• Task instructions
Among the lines below, copy exactly those from the one with "Waterproof outdoor wood" through the one with "UNIQLO CREWNECK, foto 2", counting both ends.

====== Data for processing

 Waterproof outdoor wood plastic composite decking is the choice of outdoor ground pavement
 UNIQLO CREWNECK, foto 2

============
====== Data for processing

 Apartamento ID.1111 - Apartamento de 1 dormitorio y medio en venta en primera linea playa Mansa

============

• Exercise output
 Waterproof outdoor wood plastic composite decking is the choice of outdoor ground pavement
 UNIQLO CREWNECK, foto 2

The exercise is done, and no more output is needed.